→ ABOUT THIS TASK
In the records below, find each line containing the word "Protein" and copy it.

→ DATA SHOWN
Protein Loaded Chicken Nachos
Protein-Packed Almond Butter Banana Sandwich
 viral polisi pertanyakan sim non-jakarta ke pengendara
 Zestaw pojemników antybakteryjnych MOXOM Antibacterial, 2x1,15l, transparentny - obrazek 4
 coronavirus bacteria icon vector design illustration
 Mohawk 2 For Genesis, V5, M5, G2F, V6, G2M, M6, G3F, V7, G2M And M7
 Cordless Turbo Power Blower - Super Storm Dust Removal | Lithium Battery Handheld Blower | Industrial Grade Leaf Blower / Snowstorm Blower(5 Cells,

→ PROBLEM SOLUTION
Protein Loaded Chicken Nachos
Protein-Packed Almond Butter Banana Sandwich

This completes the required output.